• WHAT THE TASK REQUIRES: Whenever a line in the data below includes the string "Friday", copy it out.

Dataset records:

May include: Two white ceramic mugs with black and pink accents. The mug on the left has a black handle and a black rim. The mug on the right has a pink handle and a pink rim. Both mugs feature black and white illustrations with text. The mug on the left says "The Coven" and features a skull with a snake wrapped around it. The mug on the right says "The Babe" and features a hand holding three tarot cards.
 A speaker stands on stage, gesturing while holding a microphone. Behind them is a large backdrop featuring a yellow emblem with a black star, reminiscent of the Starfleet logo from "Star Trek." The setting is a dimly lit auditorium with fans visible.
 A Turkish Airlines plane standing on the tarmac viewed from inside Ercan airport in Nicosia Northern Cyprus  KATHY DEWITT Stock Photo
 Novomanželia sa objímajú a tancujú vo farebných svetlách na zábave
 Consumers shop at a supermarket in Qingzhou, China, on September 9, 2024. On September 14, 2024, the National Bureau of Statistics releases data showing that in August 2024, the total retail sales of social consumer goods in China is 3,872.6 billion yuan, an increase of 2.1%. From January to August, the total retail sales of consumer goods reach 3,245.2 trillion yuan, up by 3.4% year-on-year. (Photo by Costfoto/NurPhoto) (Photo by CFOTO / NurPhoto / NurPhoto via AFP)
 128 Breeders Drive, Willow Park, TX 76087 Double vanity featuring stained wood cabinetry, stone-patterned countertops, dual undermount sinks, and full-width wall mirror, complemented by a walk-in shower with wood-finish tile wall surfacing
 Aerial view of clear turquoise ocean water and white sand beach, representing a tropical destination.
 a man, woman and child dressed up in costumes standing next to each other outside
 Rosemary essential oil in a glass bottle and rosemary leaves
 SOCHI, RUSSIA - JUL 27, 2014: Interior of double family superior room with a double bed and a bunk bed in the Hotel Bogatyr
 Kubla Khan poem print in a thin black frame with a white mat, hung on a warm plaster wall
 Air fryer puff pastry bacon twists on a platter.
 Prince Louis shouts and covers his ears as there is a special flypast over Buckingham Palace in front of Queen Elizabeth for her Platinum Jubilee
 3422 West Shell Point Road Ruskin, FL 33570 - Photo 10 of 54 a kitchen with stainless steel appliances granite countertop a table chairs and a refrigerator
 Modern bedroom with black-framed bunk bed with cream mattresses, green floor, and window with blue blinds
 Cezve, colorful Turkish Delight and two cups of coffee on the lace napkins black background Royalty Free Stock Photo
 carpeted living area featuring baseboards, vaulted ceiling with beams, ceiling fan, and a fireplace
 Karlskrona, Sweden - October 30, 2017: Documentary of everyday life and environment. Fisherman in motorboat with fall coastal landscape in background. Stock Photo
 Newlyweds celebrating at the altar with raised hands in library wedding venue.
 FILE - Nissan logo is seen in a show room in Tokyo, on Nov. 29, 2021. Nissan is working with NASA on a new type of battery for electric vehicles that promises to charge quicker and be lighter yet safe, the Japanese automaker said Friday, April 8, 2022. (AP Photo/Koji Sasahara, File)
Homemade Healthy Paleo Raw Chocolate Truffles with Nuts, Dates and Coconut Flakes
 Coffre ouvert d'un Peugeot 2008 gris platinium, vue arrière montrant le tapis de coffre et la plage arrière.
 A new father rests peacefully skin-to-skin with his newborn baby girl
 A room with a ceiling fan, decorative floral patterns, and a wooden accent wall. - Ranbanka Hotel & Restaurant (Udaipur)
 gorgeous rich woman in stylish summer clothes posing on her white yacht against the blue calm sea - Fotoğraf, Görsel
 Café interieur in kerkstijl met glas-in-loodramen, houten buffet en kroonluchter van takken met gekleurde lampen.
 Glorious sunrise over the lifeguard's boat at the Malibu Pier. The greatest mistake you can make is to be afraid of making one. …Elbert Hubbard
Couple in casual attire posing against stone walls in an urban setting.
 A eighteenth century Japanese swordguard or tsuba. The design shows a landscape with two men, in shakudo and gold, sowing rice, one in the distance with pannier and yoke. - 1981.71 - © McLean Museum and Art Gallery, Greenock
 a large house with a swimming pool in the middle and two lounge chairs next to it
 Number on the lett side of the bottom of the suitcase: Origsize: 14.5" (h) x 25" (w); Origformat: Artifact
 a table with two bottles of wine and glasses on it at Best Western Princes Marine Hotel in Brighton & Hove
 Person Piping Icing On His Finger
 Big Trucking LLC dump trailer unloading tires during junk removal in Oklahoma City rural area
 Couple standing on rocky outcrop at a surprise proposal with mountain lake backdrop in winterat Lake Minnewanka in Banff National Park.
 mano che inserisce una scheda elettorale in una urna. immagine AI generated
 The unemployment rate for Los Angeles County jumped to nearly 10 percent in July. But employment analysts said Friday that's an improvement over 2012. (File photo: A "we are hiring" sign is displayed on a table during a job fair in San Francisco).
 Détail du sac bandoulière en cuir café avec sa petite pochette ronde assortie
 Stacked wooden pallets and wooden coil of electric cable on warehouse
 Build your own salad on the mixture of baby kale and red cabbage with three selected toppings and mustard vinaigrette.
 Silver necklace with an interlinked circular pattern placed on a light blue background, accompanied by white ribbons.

• FINISHED EXERCISE:
 FILE - Nissan logo is seen in a show room in Tokyo, on Nov. 29, 2021. Nissan is working with NASA on a new type of battery for electric vehicles that promises to charge quicker and be lighter yet safe, the Japanese automaker said Friday, April 8, 2022. (AP Photo/Koji Sasahara, File)
 The unemployment rate for Los Angeles County jumped to nearly 10 percent in July. But employment analysts said Friday that's an improvement over 2012. (File photo: A "we are hiring" sign is displayed on a table during a job fair in San Francisco).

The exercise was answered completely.